None of the images should appear in your copy. Transcribe the data in full.

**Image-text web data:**
________________________

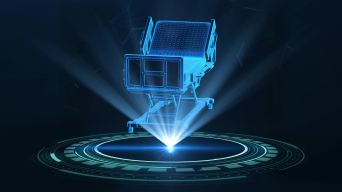 Smart Light Pole Technology Market: Trend Analysis, Market Size and Exploration of Smart City Development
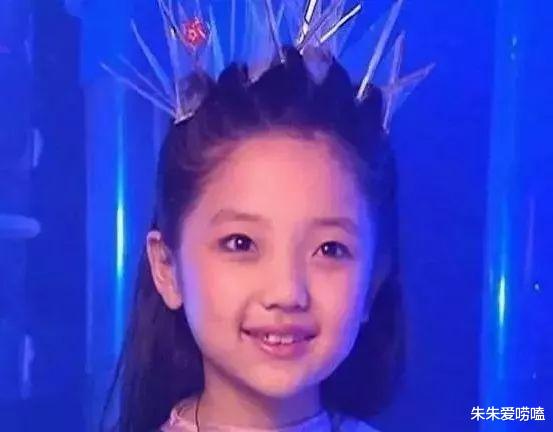丁凯乐|15年后，莲蓉包当老师，丁凯乐变学霸，唯有她活成了观众讨厌的样子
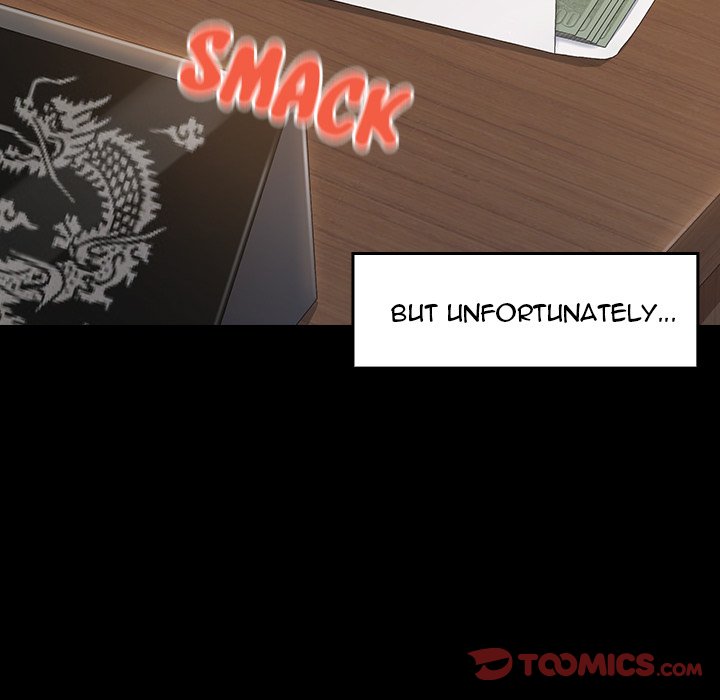 Fruitless chapter 30 page 147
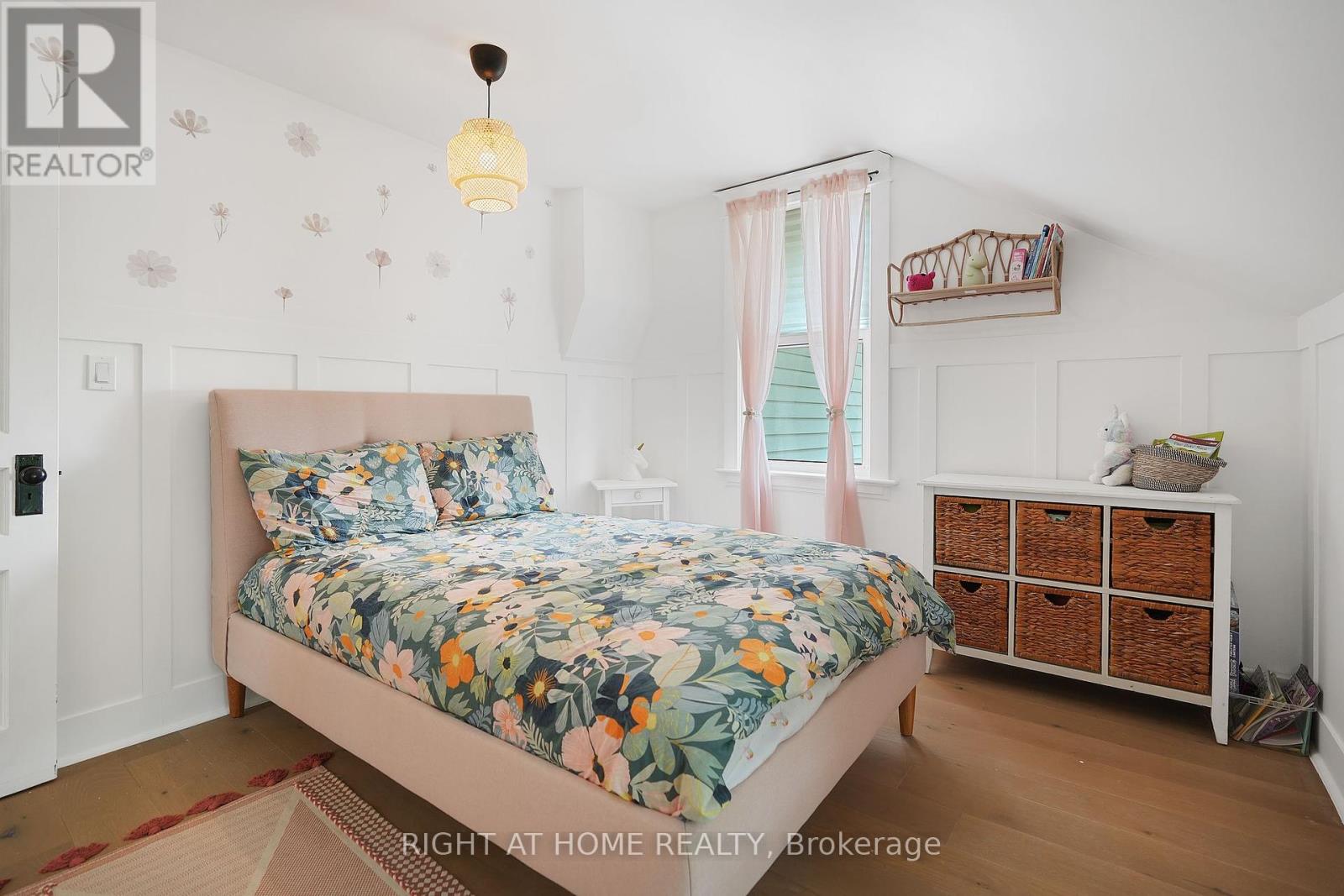123 John Street, Kawartha Lakes, Ontario  K0M 2T0 - Photo 27 - X12462130
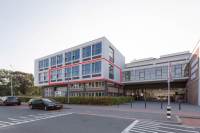 Woning Larenseweg 36 Hilversum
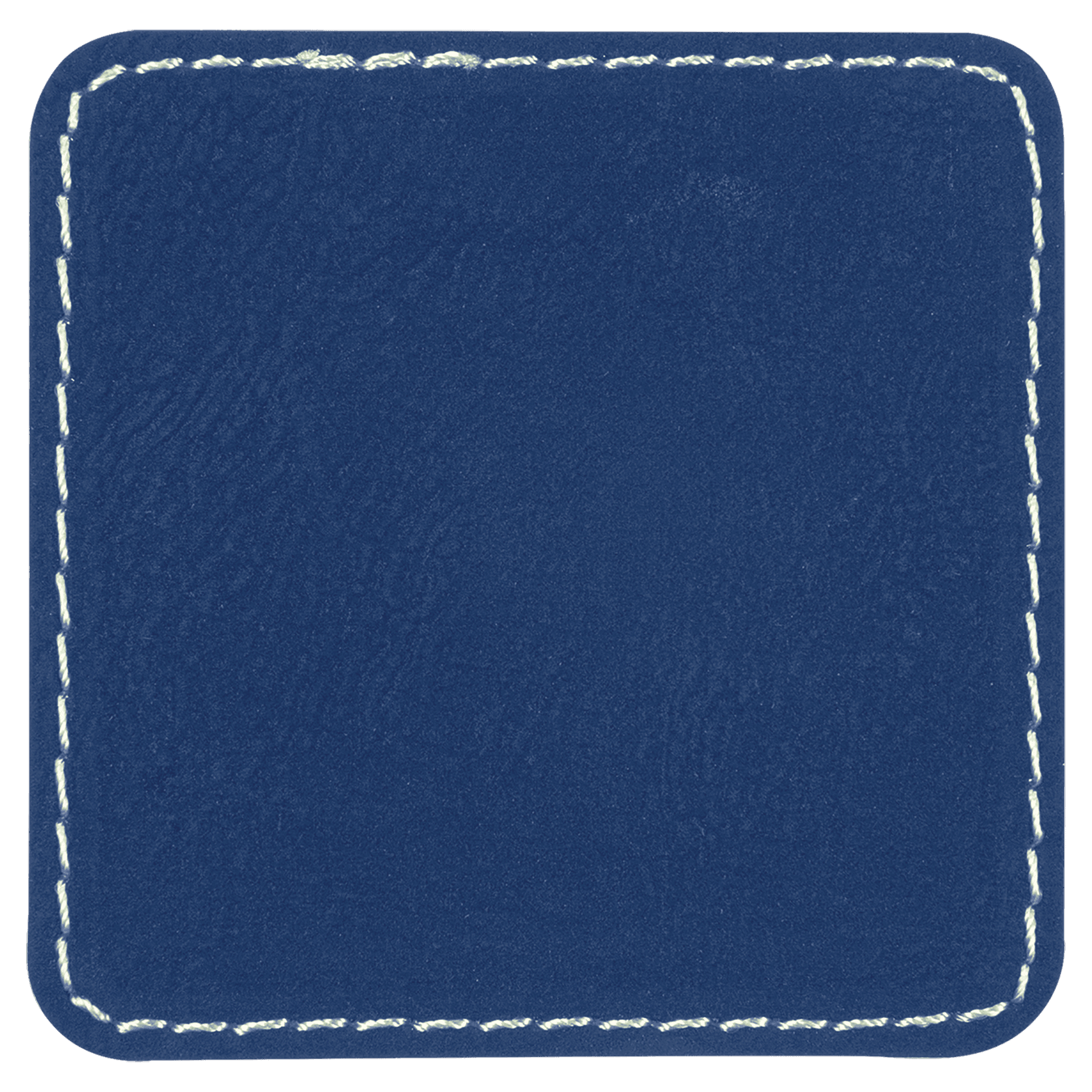 PTH759--bluesilver25square.png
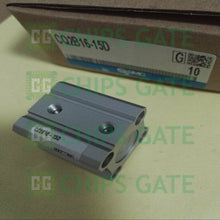 CQ2B1615D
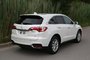 2016 Acura RDX Tech Pkg-8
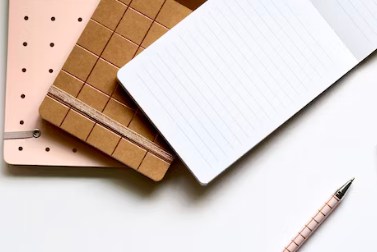 京东账号怎么注册？京东注册新用户注意事项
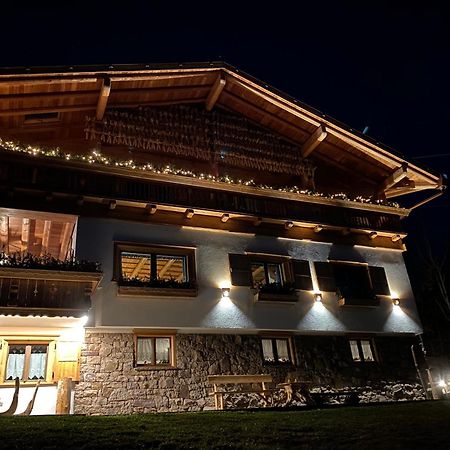 B&B Belvedere 다이아노 외부 사진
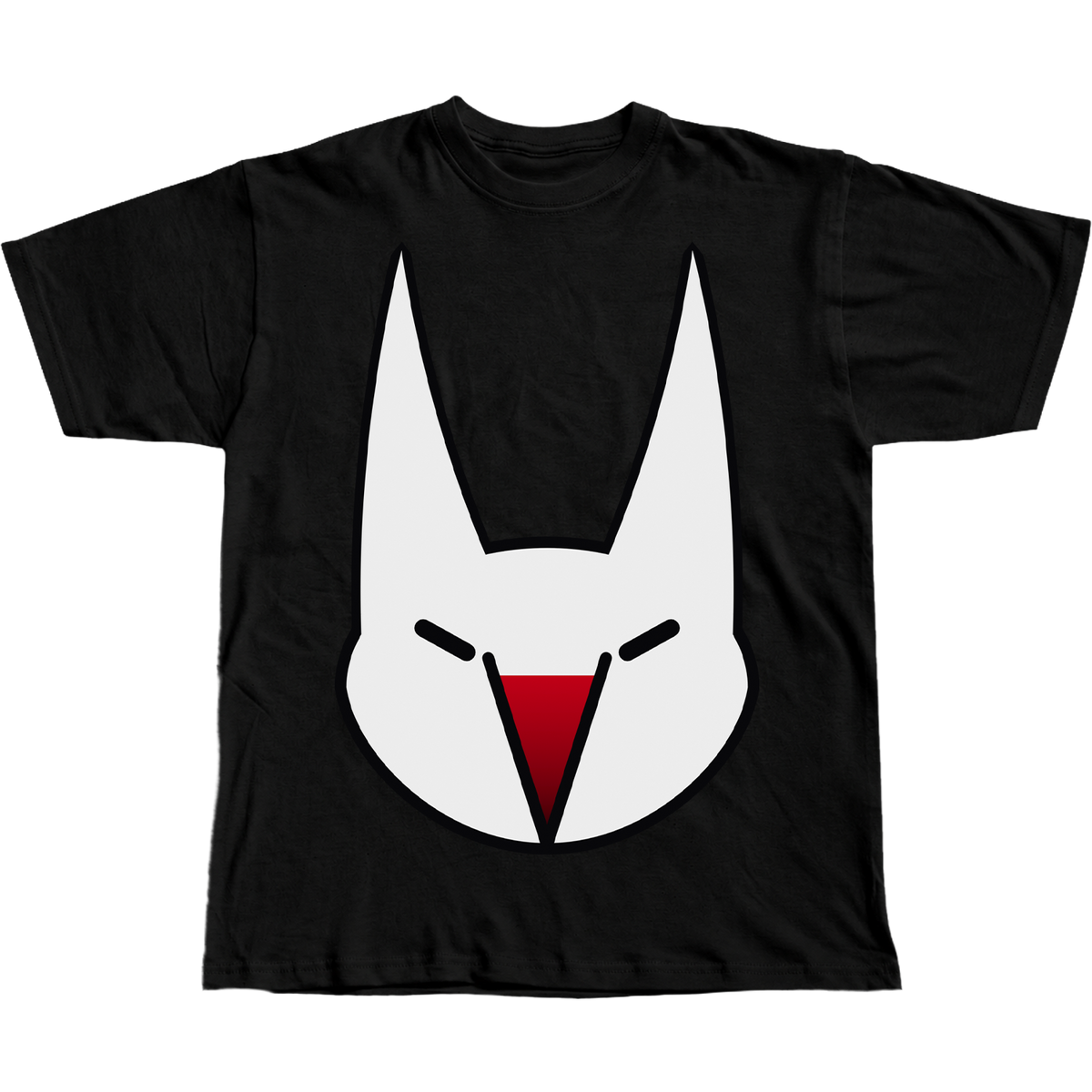 "paradaisu" T-Shirt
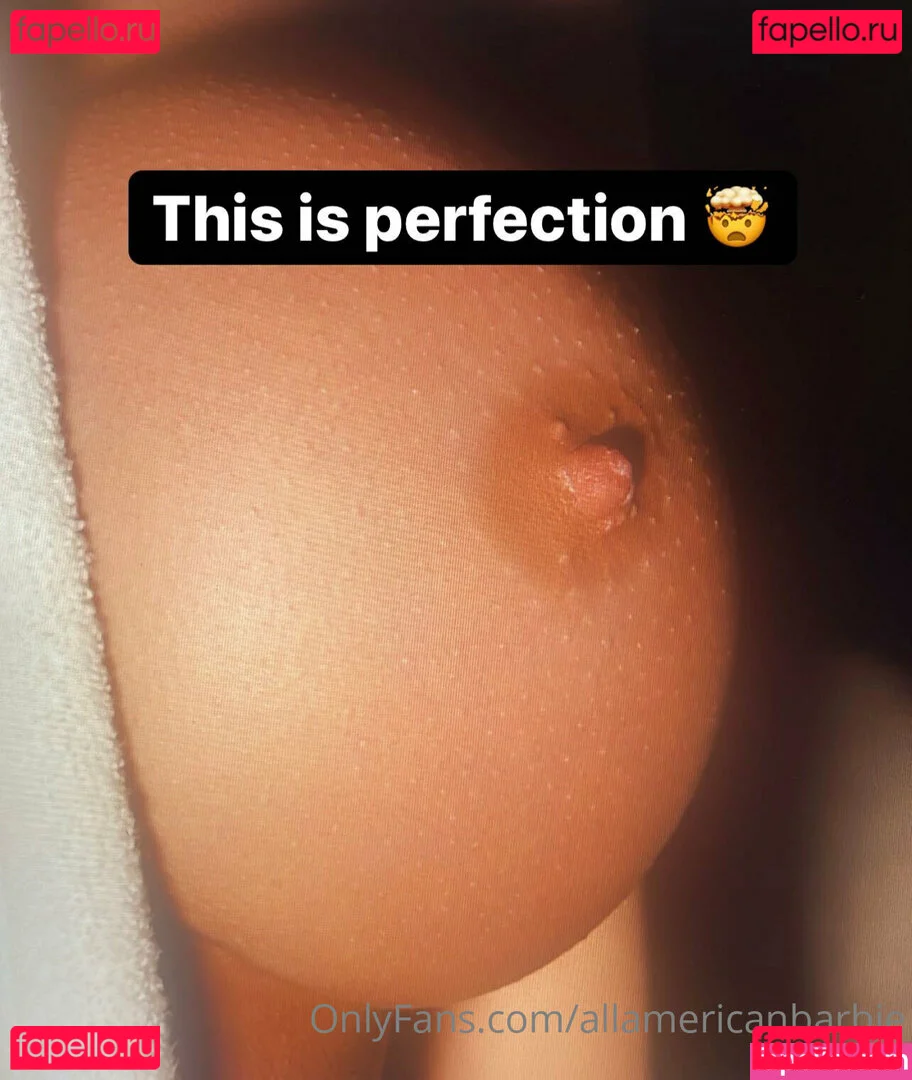 Christina Savoyy Onlyfans Photo Gallery 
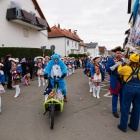 20260215-AEWG_Umzug-0075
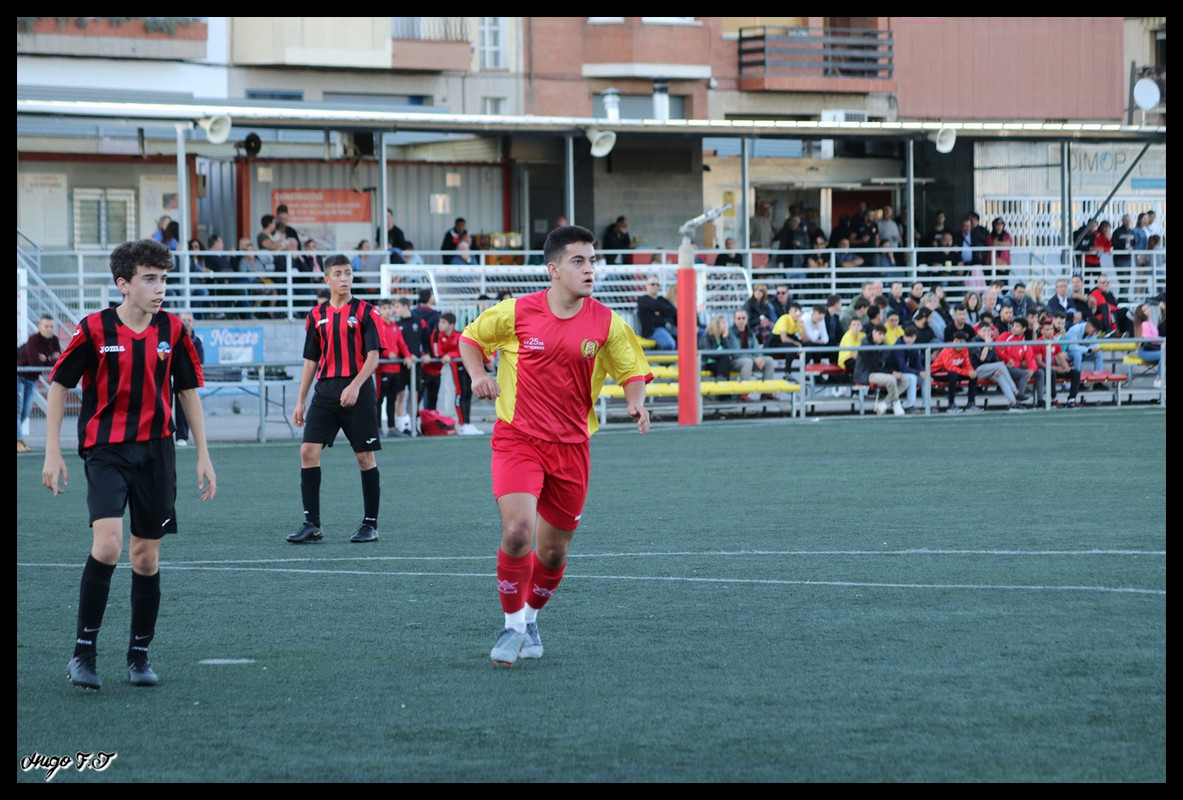 J25S 3-2 SAN CUGAT J25-S-3-2-SAN-CUGAT-6-Copiar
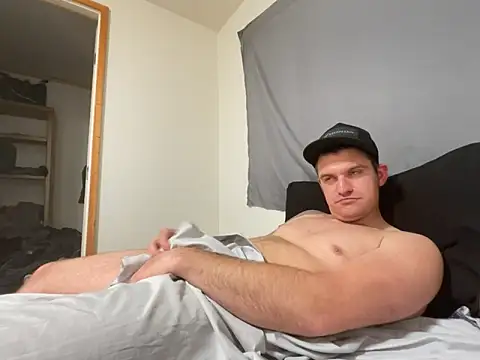 cumitted online show from 19, 11, 2025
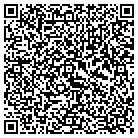 QR code with Gta At&T Ip Services contacts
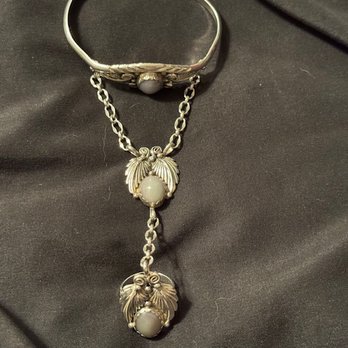 Thacker Jewelry - Jewelry Near Me - Lubbock, Texas Thacker Jewelry - Jewelry Near Me - Lubbock, Texas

________________________

**The completed task:**
 Smart Light Pole Technology Market: Trend Analysis, Market Size and Exploration of Smart City Development
丁凯乐|15年后，莲蓉包当老师，丁凯乐变学霸，唯有她活成了观众讨厌的样子
 Fruitless chapter 30 page 147
123 John Street, Kawartha Lakes, Ontario  K0M 2T0 - Photo 27 - X12462130
 Woning Larenseweg 36 Hilversum
 PTH759--bluesilver25square.png
 CQ2B1615D
 2016 Acura RDX Tech Pkg-8
 京东账号怎么注册？京东注册新用户注意事项
 B&B Belvedere 다이아노 외부 사진
 "paradaisu" T-Shirt
 Christina Savoyy Onlyfans Photo Gallery 
 20260215-AEWG_Umzug-0075
 J25S 3-2 SAN CUGAT J25-S-3-2-SAN-CUGAT-6-Copiar
 cumitted online show from 19, 11, 2025
 QR code with Gta At&T Ip Services contacts
 Thacker Jewelry - Jewelry Near Me - Lubbock, Texas Thacker Jewelry - Jewelry Near Me - Lubbock, Texas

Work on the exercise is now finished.